**EXERCISE GOAL:**
With the pictures excluded, output only the lines from the one containing "Photo #10331078" through the last line of the entries, unchanged.

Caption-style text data
>>>>
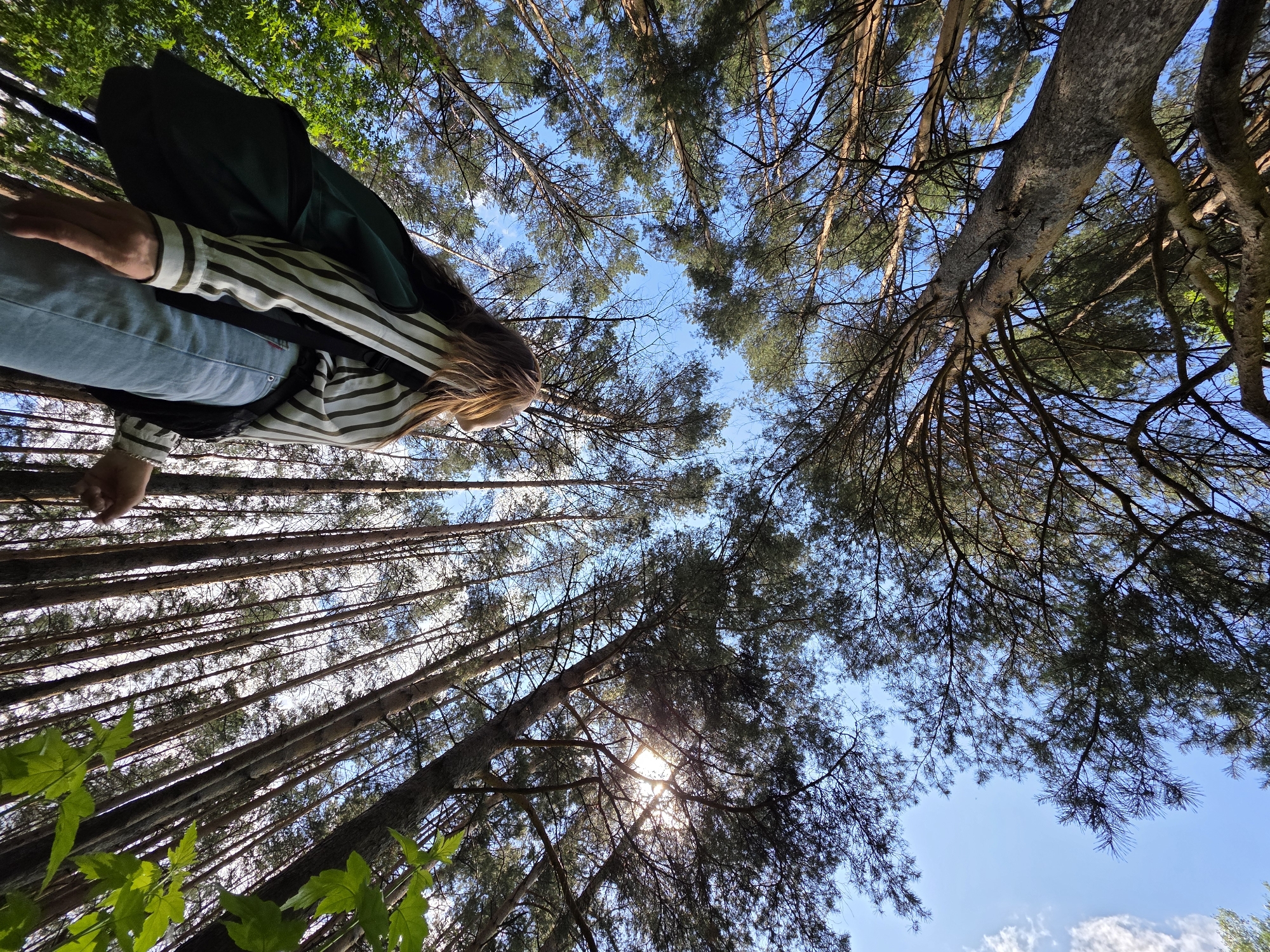 A low-angle, worm's-eye view captures the canopy of a forest, presumably in Chaikovsky, Russia, against a bright blue sky with sparse white clouds. Tall, slender coniferous trees dominate the scene, their trunks rising vertically, with needle-like foliage concentrated towards the top. A radiant sunburst is visible on the left side of the frame, partially obscured by branches.
Suspended upside down in the upper center of the image is a person, appearing to be female, with long, light-brown hair cascading downwards. She is clad in light blue jeans, a white and dark-striped long-sleeved shirt, and a dark green or black backpack slung over her shoulder. Her arms are raised above her head, hands clasped, indicating she is holding onto an unseen object or branch, supporting her inverted position. Green deciduous leaves are visible along the far left edge of the frame, contrasting with the predominantly coniferous environment.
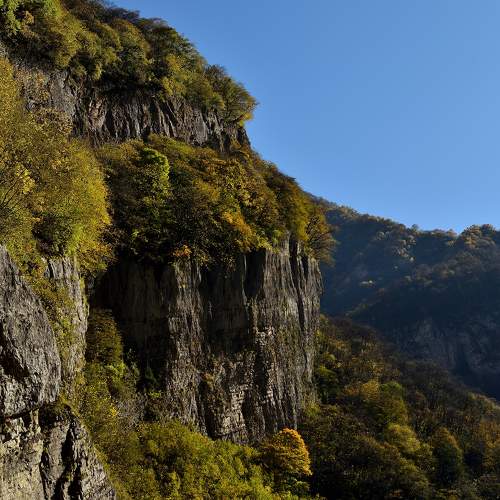 Photo #10331078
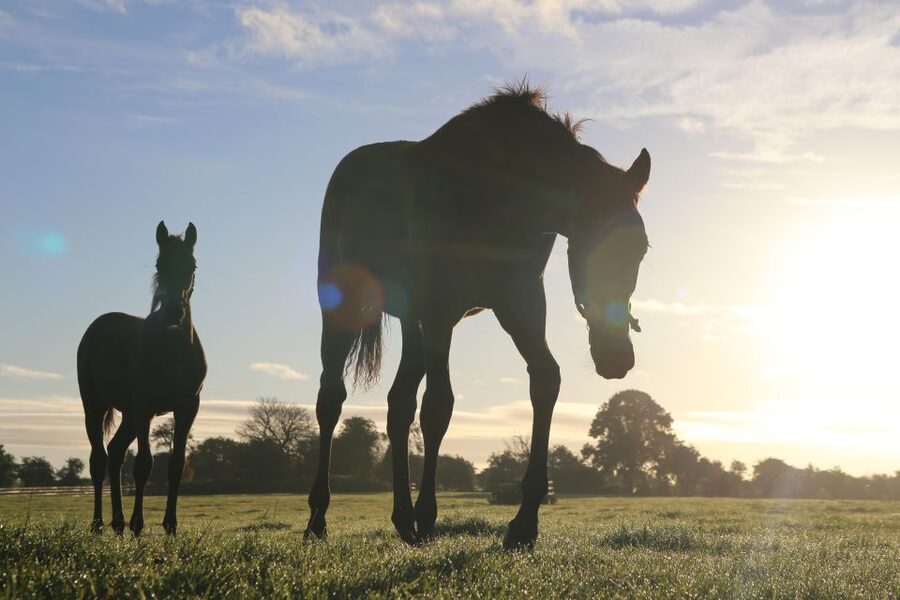 Kildare: Irish National Stud & Gardens - Why the Irish National Stud is worth your day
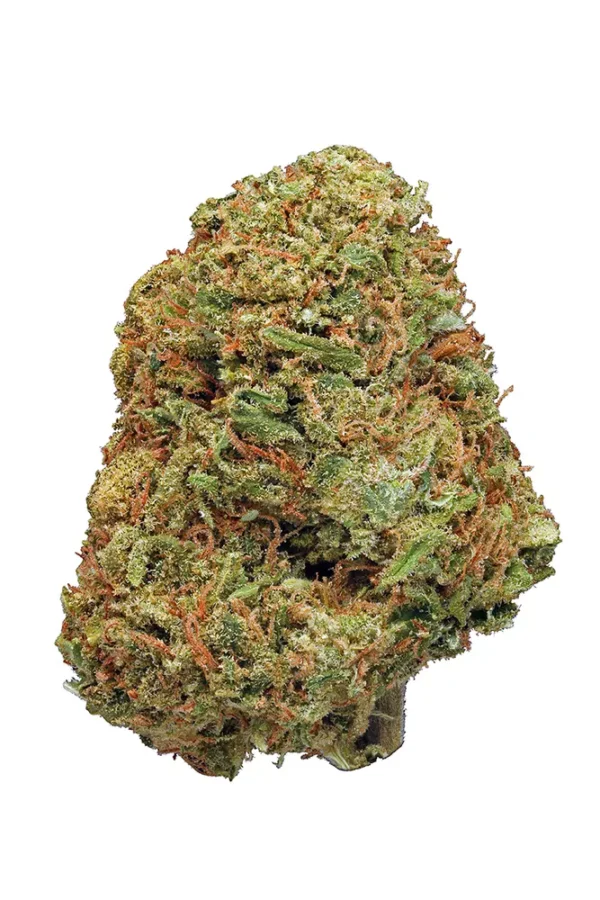 Northern Lights (28g)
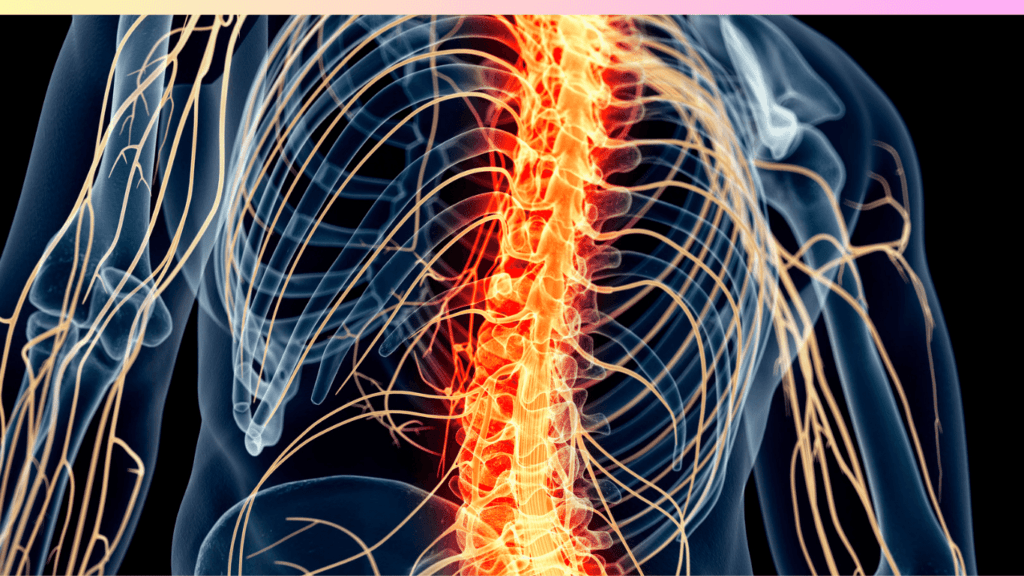 an xray photo shows the anatomy of the human spine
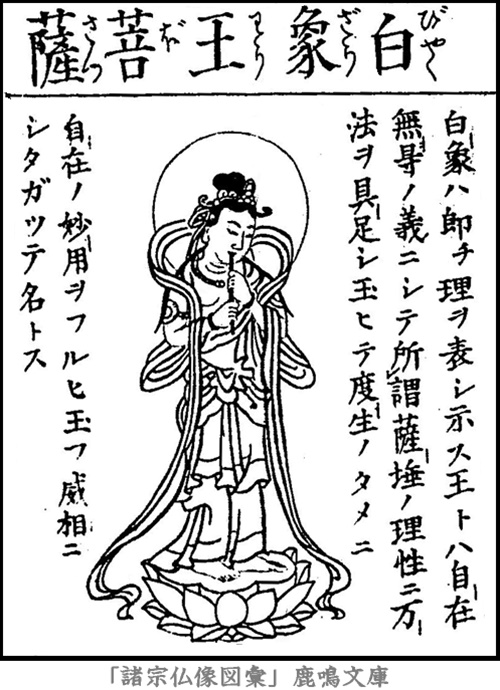 仏像,画像,白象王菩薩,二十五菩薩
<<<<
**SOLUTION FOR THIS TASK:**
 Photo #10331078
 Kildare: Irish National Stud & Gardens - Why the Irish National Stud is worth your day
 Northern Lights (28g)
 an xray photo shows the anatomy of the human spine
 仏像,画像,白象王菩薩,二十五菩薩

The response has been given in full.